Unless you're saying that procreation of shit humans by consumption of shit beer produces MORE shit humans & that the only way for evolution (progress?) is by eradicating shit humans drinking shit beer.

But how do you eradicate the shit humans drinking good beer if that's all that's available?? 

Edit: I'm drinking good beer as I type & I am (by design  ) an absolute shit on occasion......


----------



## Captain Kirk (5/2/14)

My oldest boy is Hunter so I called mine Hunter's Call


----------



## peas_and_corn (5/2/14)

My brewery is DP Brewery. For Dave's Pub. Yes, that's what I say it means...


----------



## breakbeer (5/2/14)

Chicken Piss Brewing (my nickname is Chicken)

swmbo doesn't like it. "but what if you start selling it?"

that made me laugh


----------



## DJ_L3ThAL (5/2/14)

FOON Brewing, cos my mates said if I called it "NOOF BREWING" they'd get mad. As you can tell, I'm shit at naming things.


----------



## RobjF (5/2/14)

Mines 'The Leaky Barrel Brewery. ' my five year old son gave me the inspiration for the name after two occasions he had to tell me my barrel was leaking. Really I had forgot to shut the tap on the fermenter when racking my beer. It now has a face book page although its along way off finished. Still makes good beer.


----------



## MetalRooster (5/2/14)

MetalRooster. Was born in the year of the Rooster, and recently learnt that the Chinese also associate elements to the years, so mine was the year of the Metal Rooster. I'm not Chinese, nor do I follow anything to do with the zodiac but thought the name sounded cool. And then I pictured a Rooster dressed as a Roman Legionary, instant logo.


----------



## philmud (5/2/14)

I've posted this before, but I wanted something significant to my suburb (Footscray). It's an old area with strong working class and migrant roots. Much of the historical references I was able to find were about the Football team. I learned that in the 1880s, they took to the field as the Prince Imperials, after a former heir to the French throne who was killed by Zulu warriors. I thought it was an interesting and suitably obscure story and I liked the name (Bone Mill Brewery was another contender, the Doggies also took to the field as "The Bone Mill Fellows at one stage).


----------



## Lord Raja Goomba I (5/2/14)

Goomba Palace Brewery or just Palace Brewery (or Brauhaus if I'm doing something German).

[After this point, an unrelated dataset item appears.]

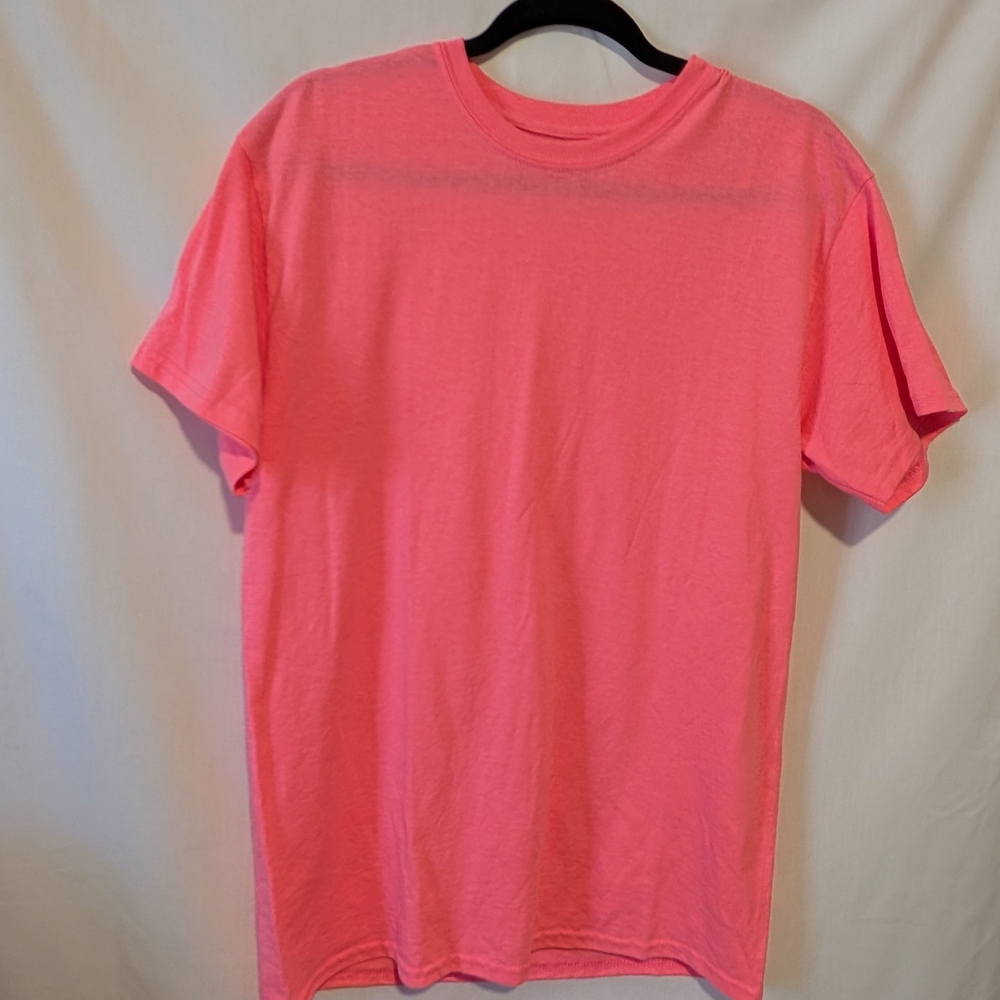 Gildan Men's Vibrant Pink Short Sleeve Tee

My grandfather is Indian, and the nephew of the (now former) Maharajah of the area (the British had them acting as sorts of Viceroy of the British Empire and yet the ruler of their state - basically British used the place for their interests but let the locals rule what they had). 

When the republic was finally formed and the Indian Government stripped the wealth from those who had it, they lost everything and my grandfather used his British passport and went to England with the shirt on his back. Met my grandmother (scouse), had kids, eventually moved to Australia, which is where I was born.

Even if the titles were still available, I'd be like 200th or something in line to the throne, there's a ton of kids from my grandfather's generation. It's more the heritage thing, along with the other nationalities that I know about in the last 4 generations (hence why my Irish Red gets called McGoomba, and if the Portuguese or Roma people had a beer of note, I'd brew that and give it the appropriate name).

Also explains the handle I chose.


----------



## TimT (20/3/14)

Badger's Brews!


----------



## Cervantes (20/3/14)

*Thirsty Point Brewery*

Thirsty Point is on the beach in Cervantes where I live.

Cheers
Andy


----------



## aaronpetersen (20/3/14)

I live in the Melbourne suburb Reservoir and I have a PhD, so my brewery is called Reservoir Doc's. Apologies to Quentin Tarantino.


----------



## CrookedFingers (20/3/14)

Mines CrookedFingers Brewing.

Spent nearly half my life on a basketball court and ended up with 4 or 5 pretty banged up digits.
2nd knee reco caused a retirement a few years back.


----------



## waggastew (20/3/14)

Stew's Craft Brews. Main point of contention was I wanted to call it Stew's Home Brews but my wife said it might put those less knowledgeable about the fine art of homebrew off.

Just got a new logo and labels done by a mate to replace my old MS Paint bodge-up. Logo below, labels are variation on the theme with different colours and imagery for different beers. Came out pretty well.


----------



## Tahoose (20/3/14)

Nice label waggastew, although all I can read is "brewed in hope"

I brew with hope every time btw.


----------



## TimT (20/3/14)

_my brewery is called Reservoir Doc's._

How about Gutter Brews?

Just kidding. We're in Lalor and Inner-city suburb Rezza is our first port of call when we want to hob nob with the posh sorts....


----------



## eungaibitter1 (20/3/14)

Mardoo said:


> Since you like bung so much Cocko I'll tell you the answer I got to that exact question: Just look at the person like you would if their eyes were normalforward like everyone else. Usually the bung eye focuses forward as if it was normalforward.
> 
> My brewery's named The Gander. I admire male geese. They're all peaceful and, ya know, birdy, but mess with their loved ones and they'll **** you right up.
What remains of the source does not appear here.